You do realize that Qt Quick purely bases on technology - the meta object system, the animation framework, the state machine framework, the graphics view framework, the OpenGL module and so on and so forth - which is an integral part of the core Qt framework, accessible to both, QML and C++?
[quote author="temp" date="1334069537"]Qt GUI goes far beyond mature, into the area of outdated, of which you seem to be quite aware.[/quote]Outdated? Where?
[quote author="temp" date="1334069537"]As pointless as eye candy is, it is nice to have it.[/quote]That's a fundamental misinterpretation of the current situtation in the IT business.
[quote author="temp" date="1334069537"]And that is where most of my issue with the direction of Qt actually lies. Nokia are extorting Qt's developer base - "either settle for QML or miss out on the new GUI API we deliberately made only accessible through our own proprietary language". The point of the matter is - QML is not a requirement for fluid, modern, touch supporting GUI, and in fact without QML this would only be even more fluid, smoother and so on, because no interpreted language is a match to native C++ code. The point of QML IS NOT to enable a modern GUI API, but to exploit a modern GUI API to force developers to adopt QML. You don't actually claim it is impossible to achieve the same without QML, do you? Like I said, and you said, it the back end behind QML is ALL C++, so why the hell would QML be made, to put it in your own words "innevitable"??? Besides the obvious reason I already stated?[/quote]Qt Widgets and Qt Quick serve two totally different purposes - that's what people have to understand. The former one for native legacy applications, the latter one for fluid, non-typical user interfaces.
Declarative languages are the future of describing rich user interfaces and they do a way better job at doing so than classical programming languages. Why do you think HTML5 is so popular? Why do you think Microsoft is heavily pushing XAML? Why do you think declarative mobile platforms like PhoneGap are so popular?
This is where the IT business moves to - you either follow or you are left behind. And that's the reason Qt Quick is an inevitable technology for Qt.
Don't get mad at me for not commenting your remaining Nokia, Elop, Qt rant.
-
I see that you were very enthusiastic about Qt and are deeply frustrated with what you see. Unfortunately there is little I as a developer can do about that: Please consider to "go here":http://www.nokia.com/de-de/support/kontakt/ instead, as those guys at least have tools to pass on your critique to people that have the insights to comment on management/product planning/company strategy. The developers hanging out here (even those working at Nokia) are the wrong audience for that, sorry.

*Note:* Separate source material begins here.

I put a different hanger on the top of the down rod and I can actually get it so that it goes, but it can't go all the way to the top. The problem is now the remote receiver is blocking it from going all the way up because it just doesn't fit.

I can assure you though that the people working here also do care a lot about Qt. There is a concensus here that Qt Quick does make a lot of sense from a purely technical point of view. QML is a requirement for modern, fluid UIs, since it is expressive enough to actually describe those UIs and yet maps to a scene graph that allows for hardware accelerated rendering that is just not possible for the existing QWidgets. If you leave out one or the other you will not end up with a fluid UI. Of course you can come up with all kinds of interfaces for this functionality... but QML is a pretty easy to use one. In my opinion it beats C++ for this use-case hands down.

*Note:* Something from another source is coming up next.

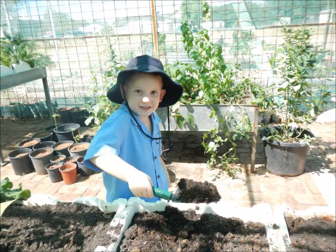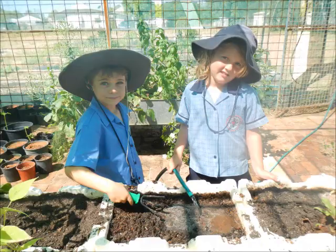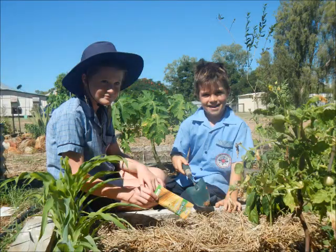First you get a bit of soil, then you put it in the bed, then you water and rake. Then you get some seeds from the garden shop, dig a hole and plant.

You are overrating javascript use in QML, too: You can embed javascript into the description of what your interface looks like (and it often makes sense to do that), but you can get by without using of the javascript interpreter in your QML UIs as simple bindings just use the fast path around the interpreter, getting native C++ speed.

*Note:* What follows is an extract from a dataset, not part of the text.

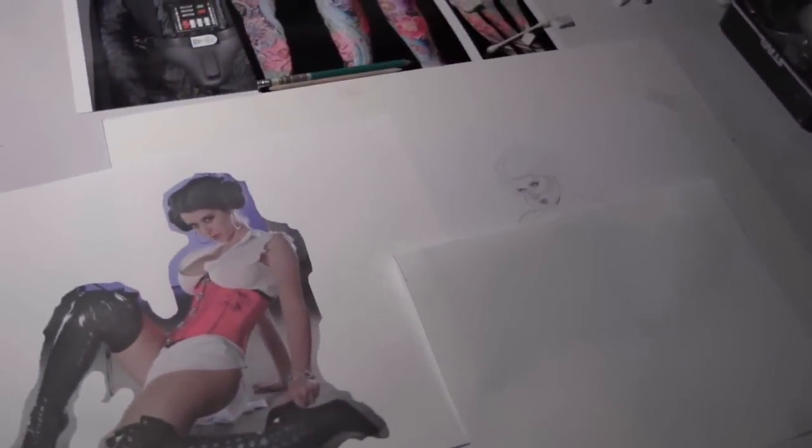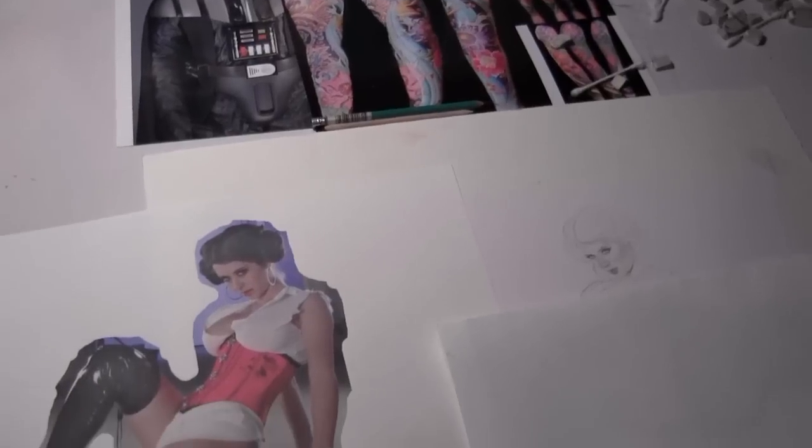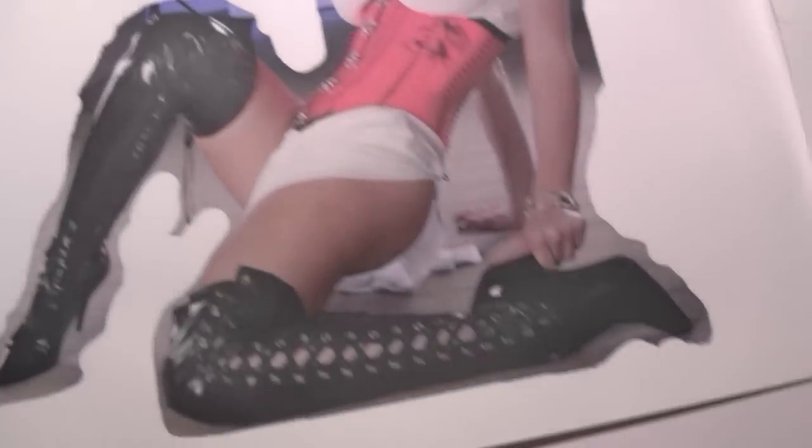So this is the Princess Leia I'm working on. The model is September 2011 Penthouse Pet, Emily Addison. And as you can see, it's kind of a different take on Princess Leia. I got the buns, but this is the version we all wish we saw in the first movie.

PS: You are aware that we have about as many lines of QML in Qt5 as we have python? It is in the less than 2% range of all source code we have (with much of that in the examples and tests). Actually there is less QML code in Qt5 than in Qt4 (using the not very sophisticated "find . -name *.qml -exec cat {} ; | wc -l" as a metric).
-
bq. What do you want to be evolved?
Qt GUI for one, I thought that should be OBVIOUS by now. Unless you didn't bother to read my post.
bq. Which parts of Qt Widgets don’t meet today’s standards?
You ask questions you already answered in your first post, but just to make it easy for you - fluid, modern, touch optimized GUI FOR C++
bq. And how do you do all this without violating sourcecode compatibility?
The same way everyone is doing it, leave the old stuff for backward compatibility and crate a new, modern API, one that can be used natively not exclusively accessible through QML.
bq. No I don’t – and I ask you to elaborate.
Well, you said QML is innevitable and then that I don't need to use it and it is optional. Those are contradictory - OPTIONAL and INEVITABLE that is. Common sense 101... If you need further elaboration on this I fear it is kindergarten for you ;)
bq. Outdated? Where?
Already answered by you and me. See above...
bq. Qt Widgets and Qt Quick serve two totally different purposes – that’s what people have to understand. The former one for native legacy applications, the latter one for fluid, non-typical user interfaces.
And where exactly is the C++ API for fluid, non-typical user interfaces? There is none, we have to do it by hand, but then what do we need Qt for, to use as a tool to reinvent the wheel? There are more open, smaller, more flexible and overall better solutions for that. Oh well, by now you are probably starting to scratch the surface of the basis of my disappointment...
bq. Declarative languages are the future of describing rich user interfaces and they do a way better job at doing so than classical programming languages. Why do you think HTML5 is so popular? Why do you think Microsoft is heavily pushing XAML? Why do you think declarative mobile platforms like PhoneGap are so popular?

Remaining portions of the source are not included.